> [Input]
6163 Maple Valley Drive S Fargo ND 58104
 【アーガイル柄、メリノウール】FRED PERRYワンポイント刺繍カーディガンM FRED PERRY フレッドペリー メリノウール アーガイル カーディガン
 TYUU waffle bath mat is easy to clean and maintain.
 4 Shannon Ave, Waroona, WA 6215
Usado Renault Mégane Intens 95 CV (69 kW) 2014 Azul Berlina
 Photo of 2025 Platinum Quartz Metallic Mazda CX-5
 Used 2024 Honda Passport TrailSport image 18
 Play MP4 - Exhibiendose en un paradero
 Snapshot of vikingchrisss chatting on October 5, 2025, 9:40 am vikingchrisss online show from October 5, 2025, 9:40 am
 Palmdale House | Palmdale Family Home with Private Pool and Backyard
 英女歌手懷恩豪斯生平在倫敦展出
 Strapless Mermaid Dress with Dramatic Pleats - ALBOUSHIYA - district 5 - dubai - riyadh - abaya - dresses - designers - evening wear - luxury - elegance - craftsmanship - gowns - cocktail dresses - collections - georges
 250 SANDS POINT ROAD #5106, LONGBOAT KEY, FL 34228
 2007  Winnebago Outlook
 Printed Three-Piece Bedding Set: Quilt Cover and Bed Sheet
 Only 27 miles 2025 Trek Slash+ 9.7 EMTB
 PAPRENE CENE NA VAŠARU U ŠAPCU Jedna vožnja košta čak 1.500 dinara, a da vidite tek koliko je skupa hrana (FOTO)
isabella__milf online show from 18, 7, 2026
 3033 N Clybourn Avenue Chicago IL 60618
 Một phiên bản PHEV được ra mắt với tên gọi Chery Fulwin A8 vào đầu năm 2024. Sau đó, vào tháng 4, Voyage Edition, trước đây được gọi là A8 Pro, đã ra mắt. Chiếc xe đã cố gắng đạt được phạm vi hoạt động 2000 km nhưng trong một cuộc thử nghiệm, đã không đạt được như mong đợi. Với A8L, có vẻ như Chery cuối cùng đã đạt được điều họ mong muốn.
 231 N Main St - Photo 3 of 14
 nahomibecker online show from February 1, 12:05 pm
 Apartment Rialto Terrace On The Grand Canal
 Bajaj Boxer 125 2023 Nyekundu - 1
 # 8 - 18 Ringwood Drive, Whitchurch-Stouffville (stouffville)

> [Task statement] Would you copy each line of the data exactly as it appears above?

> [Solution below]
6163 Maple Valley Drive S Fargo ND 58104
 【アーガイル柄、メリノウール】FRED PERRYワンポイント刺繍カーディガンM FRED PERRY フレッドペリー メリノウール アーガイル カーディガン
 TYUU waffle bath mat is easy to clean and maintain.
 4 Shannon Ave, Waroona, WA 6215
Usado Renault Mégane Intens 95 CV (69 kW) 2014 Azul Berlina
 Photo of 2025 Platinum Quartz Metallic Mazda CX-5
 Used 2024 Honda Passport TrailSport image 18
 Play MP4 - Exhibiendose en un paradero
 Snapshot of vikingchrisss chatting on October 5, 2025, 9:40 am vikingchrisss online show from October 5, 2025, 9:40 am
 Palmdale House | Palmdale Family Home with Private Pool and Backyard
 英女歌手懷恩豪斯生平在倫敦展出
 Strapless Mermaid Dress with Dramatic Pleats - ALBOUSHIYA - district 5 - dubai - riyadh - abaya - dresses - designers - evening wear - luxury - elegance - craftsmanship - gowns - cocktail dresses - collections - georges
 250 SANDS POINT ROAD #5106, LONGBOAT KEY, FL 34228
 2007  Winnebago Outlook
 Printed Three-Piece Bedding Set: Quilt Cover and Bed Sheet
 Only 27 miles 2025 Trek Slash+ 9.7 EMTB
 PAPRENE CENE NA VAŠARU U ŠAPCU Jedna vožnja košta čak 1.500 dinara, a da vidite tek koliko je skupa hrana (FOTO)
isabella__milf online show from 18, 7, 2026
 3033 N Clybourn Avenue Chicago IL 60618
 Một phiên bản PHEV được ra mắt với tên gọi Chery Fulwin A8 vào đầu năm 2024. Sau đó, vào tháng 4, Voyage Edition, trước đây được gọi là A8 Pro, đã ra mắt. Chiếc xe đã cố gắng đạt được phạm vi hoạt động 2000 km nhưng trong một cuộc thử nghiệm, đã không đạt được như mong đợi. Với A8L, có vẻ như Chery cuối cùng đã đạt được điều họ mong muốn.
 231 N Main St - Photo 3 of 14
 nahomibecker online show from February 1, 12:05 pm
 Apartment Rialto Terrace On The Grand Canal
 Bajaj Boxer 125 2023 Nyekundu - 1
 # 8 - 18 Ringwood Drive, Whitchurch-Stouffville (stouffville)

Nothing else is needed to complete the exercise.